Friday, August 7, 2015

Madness in Civilization by Andrew Scull

Mental disorders are and will remain for some time the least understood medical conditions. These days there are more than 900 different conditions that "qualifies" for mental illness.   

In this book, "Madness in Civilization", Andrew Scull has presented historical view about mental disorders. It appears that for past 3000 years we did not make much progress in understanding it. What has changed, however, is how they are treated. Today psycho-pharmacology dominates the field. It is less aggressive form of treatment compared to insulin shock or electroshock therapies (not to mention water boarding therapy developed in 19th century). However, even neurotransmitter based treatment protocols do not treat the condition but simply make mental patients to behave less abnormal (from normal people's point of view).  

In general, the authors heavily relies on Judeo-Christian point of view of mental illness as a condition inflicted by God as a punishment. This is however not universally accepted concept across civilization. For example, among Incas, mental patients were [are] viewed as blessed by God, not as punished [by God] individuals. 

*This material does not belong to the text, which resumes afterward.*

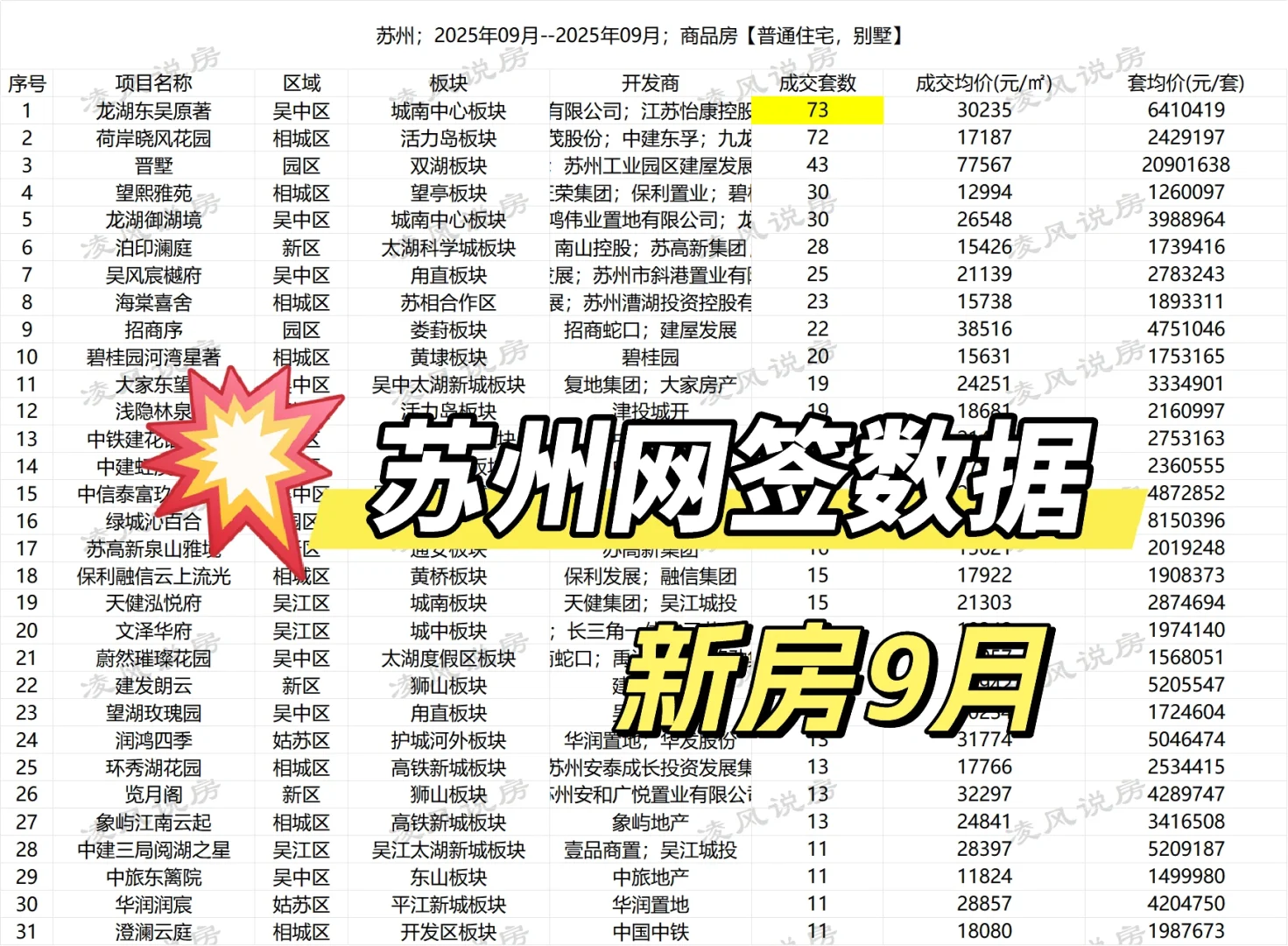 9月苏州网签数据汇总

In this book, the author tries to develop the concept that progress in civilization coincides with an increase in number of mental patients. However, the author failed to provide clear scientific basis for such concept. Even notion that simple living conditions of pre-industrial societies protected against development of dental disorders is simply too superficial to be taken seriously.

The book contains some valuable information, but not enough to recommend for a reading. In the end, it appears that the author believes that without understanding the biological basis for mental disorders we may never make a breakthrough in its treatment.